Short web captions
----

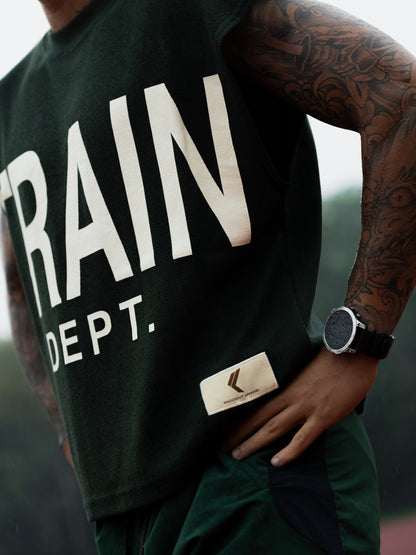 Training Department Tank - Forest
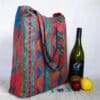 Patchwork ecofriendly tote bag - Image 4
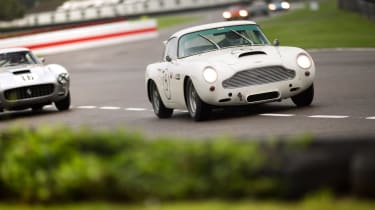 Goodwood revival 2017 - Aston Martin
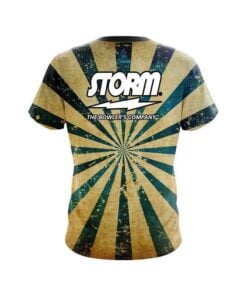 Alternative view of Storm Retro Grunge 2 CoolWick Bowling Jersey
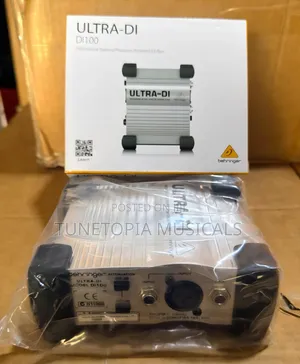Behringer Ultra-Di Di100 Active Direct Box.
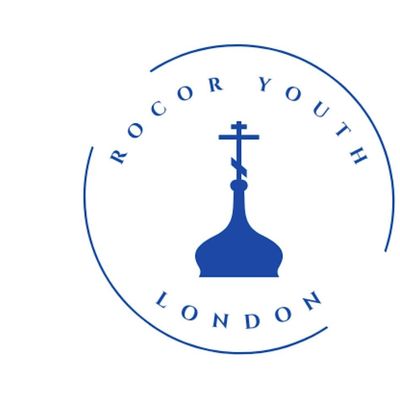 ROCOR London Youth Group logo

----

[EXERCISE DESCRIPTION]
Beginning with the line containing "Alternative view of" and ending with the last line of the data above, repeat each line exactly. Include no pictures and no other lines.

[SOLUTION FOR THIS EXERCISE]
 Alternative view of Storm Retro Grunge 2 CoolWick Bowling Jersey
Behringer Ultra-Di Di100 Active Direct Box.
 ROCOR London Youth Group logo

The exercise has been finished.